Last week, members of the KDE project attended the Four Core meeting, one of several events designed to accelerate the development of KDE’s next major release. Attendees worked on readying the fundamental kdelibs and kdebase packages for version 4 so that work on overlying applications may continue.

All the KDE 4 meetings, such as the recent Multimedia Meeting, are intended to build team coherence and direction as much as to write code. All attendees seemed to feel that the meeting was successful in removing the hurdles that so often face a development team working together from places scattered throughout every corner of the world. Attendee Aaron Seigo says, “I get the feeling more than ever that KDE 4 really takes off here.”

Fair weather in Trysil, Norway, throughout the week aided both spirits and efforts. Seigo writes, “One of the goals for KDE 4’s interface is to be more organic, which is to say to behave more like the real world which we are well adapted to. In keeping with that we went for a walk out to a meadow for one of our two group meetings today.” Work was done in a rustic Norwegian lodge selected to minimize distraction. Attendees enjoyed beautifulscenery and catered food. Nonetheless, World Cup fever prevailed midweek.

On Wednesday, a reporter for the Hamar Arbeiderblad, a local newspaper, visited the hackers. The paper was apparently responding to an alert made by a local KDE user, who also visited the group. The resulting article, ““Building the Future of Computing in Trysil,” can be viewed by paid users of the paper’s Web site.

Hacking done at the meeting revolved around outfitting KDE’s low-level libraries for use in a new and modern desktop. Tasks involved in such a transition include implementing the cross-desktop standard communication tool DBUS to replace KDE 3’s DCOP, porting Qt calls to use the new version 4.2, and, of course, bug-fixing. Attendees also decided to remove a few dozen obsolete classes from within the code of kdelibs. With the libraries more or less functional, the team must decide how to evolve them to suit the needs of KDE 4. Seigo writes, “We had a couple of quite long meetings today about kdelibs: what should go into kdelibs; how should we handle the process of managing the public APIs; what are our goals and practices for binary compatibility … not trivial topics even if the questions are easily stated.”

Though the meeting focused on the fundamentals, the team could not resist working on and discussing some higher-level code. KDE’s Human Interface Guidelines and accessibility tools were topics of great discussion. KIO continues to be worked on, particularly its seeking feature, which was first written during the KDE Four Multimedia meeting. A redesign of the KJob class should also benefit KIO, which uses it extensively, as well as emerging technologies such as Akonadi and Solid.
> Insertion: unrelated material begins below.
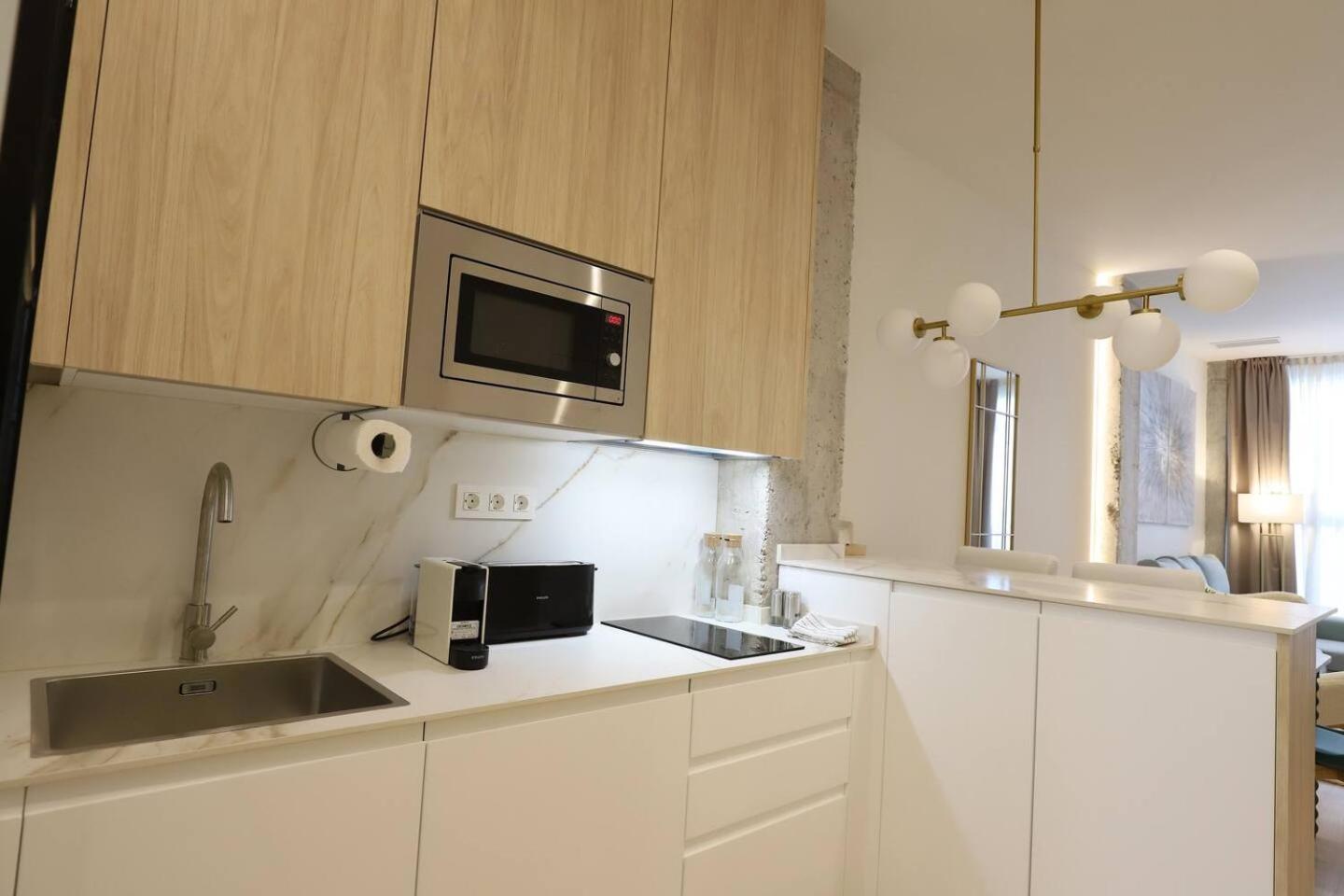 Apartamentos Orilla Del Bernabeu Madri Exterior foto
Akonadi is a forthcoming personal information management storage solution first proposed during January’s KDE PIM meeting.

To aid the switch to DBUS, attendees planned a graphical browser that will work much the same way KDCOP does today, allowing users to see all the information and settings that applications offer to each other. LiveUI looks to replace the GUI development tool XML GUI. A new composition manager is to be built into the KWin window manager to replace the independent kompmgr.

As attendee Kevin Ottens says, “We’ve still so much to do, but the improvements made in the last few days are really motivating.”